What you need to do: Please reproduce the entries below exactly, leaving the pictures out.

Web page caption snippets:
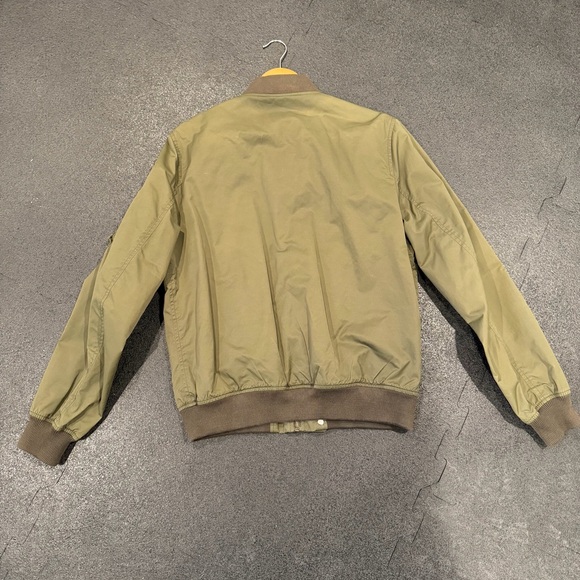 Wallace & Barnes Bomber Jacket Olive Green Mens Medium MA-1 Style - Picture 3 of 7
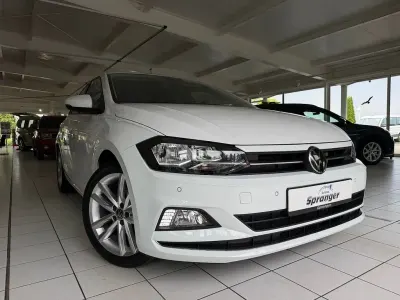 Gebraucht VW Polo Highline 110 PS (80 kW) 2021 Weiß Kleinwagen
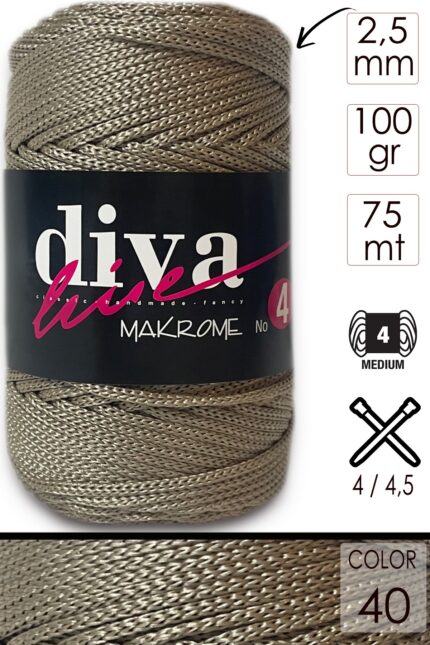 Diva Makrome İpi Kalın (No:4) 40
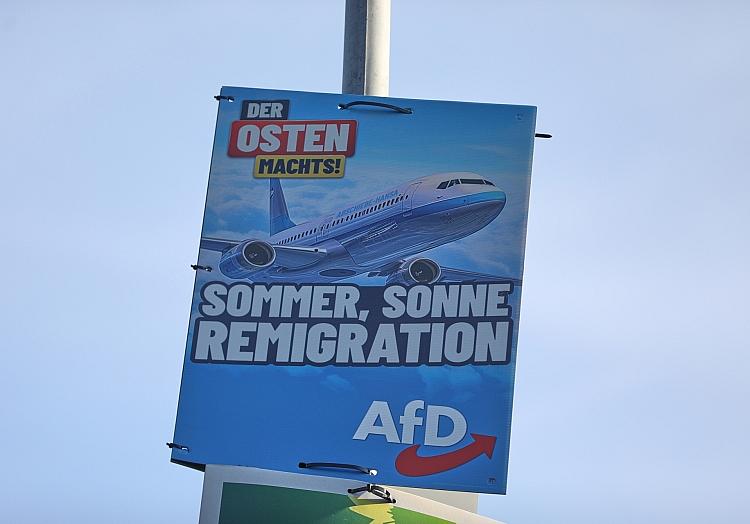AfD-Wahlplakat zur Landtagswahl in Thüringen (Archiv), via dts Nachrichtenagentur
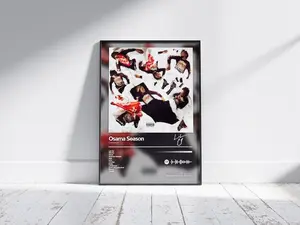 Osamason Poster - Album Wall Cover Art - Minimal Wall Arts - Dorm Room Decor - Music Lover Gift - Lil O, Flex Musix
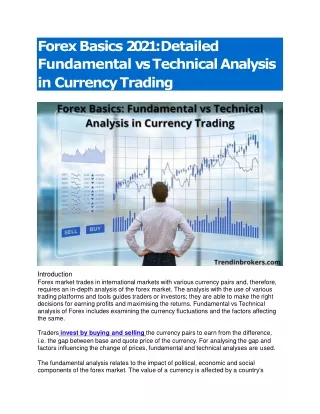 forex basics 2021 detailed fundamental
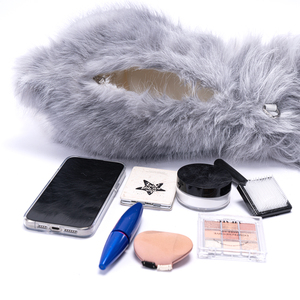 Mochila de Conejo de Peluche de Poliéster Suave de la Marca DUPAN, Simulación de Conejo de Angora, Linda y Realista - Product Image 6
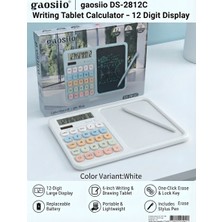 Veroksa LCD Yazı Tabletli Hesap Makinesi - Kalemli Dijital Not Defteri ve Hesap Makinesi 2 Si 1 Arada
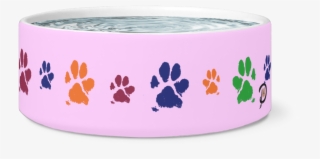 Dog Paw Print Bowl - Bracelet #8105756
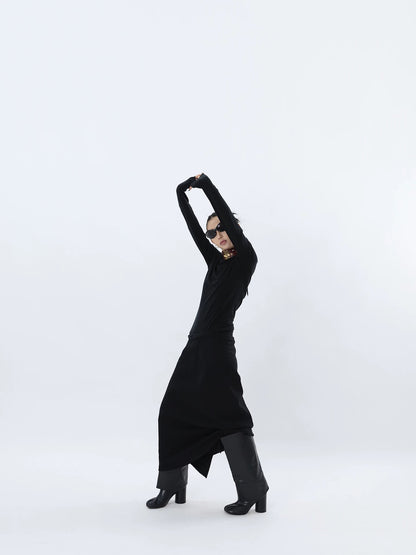 ARCH CUT SKIRT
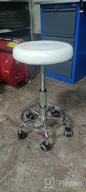 img 1 attached to 🪑 Modern Master's Stool BILLY LM-3051 - White Seat Color with Chrome Steel Base review by Agata Roguska ᠌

Answer box:
 Wallace & Barnes Bomber Jacket Olive Green Mens Medium MA-1 Style - Picture 3 of 7
 Gebraucht VW Polo Highline 110 PS (80 kW) 2021 Weiß Kleinwagen
 Diva Makrome İpi Kalın (No:4) 40
AfD-Wahlplakat zur Landtagswahl in Thüringen (Archiv), via dts Nachrichtenagentur
 Osamason Poster - Album Wall Cover Art - Minimal Wall Arts - Dorm Room Decor - Music Lover Gift - Lil O, Flex Musix
 forex basics 2021 detailed fundamental
 Mochila de Conejo de Peluche de Poliéster Suave de la Marca DUPAN, Simulación de Conejo de Angora, Linda y Realista - Product Image 6
 Veroksa LCD Yazı Tabletli Hesap Makinesi - Kalemli Dijital Not Defteri ve Hesap Makinesi 2 Si 1 Arada
 Dog Paw Print Bowl - Bracelet #8105756
 ARCH CUT SKIRT
 img 1 attached to 🪑 Modern Master's Stool BILLY LM-3051 - White Seat Color with Chrome Steel Base review by Agata Roguska ᠌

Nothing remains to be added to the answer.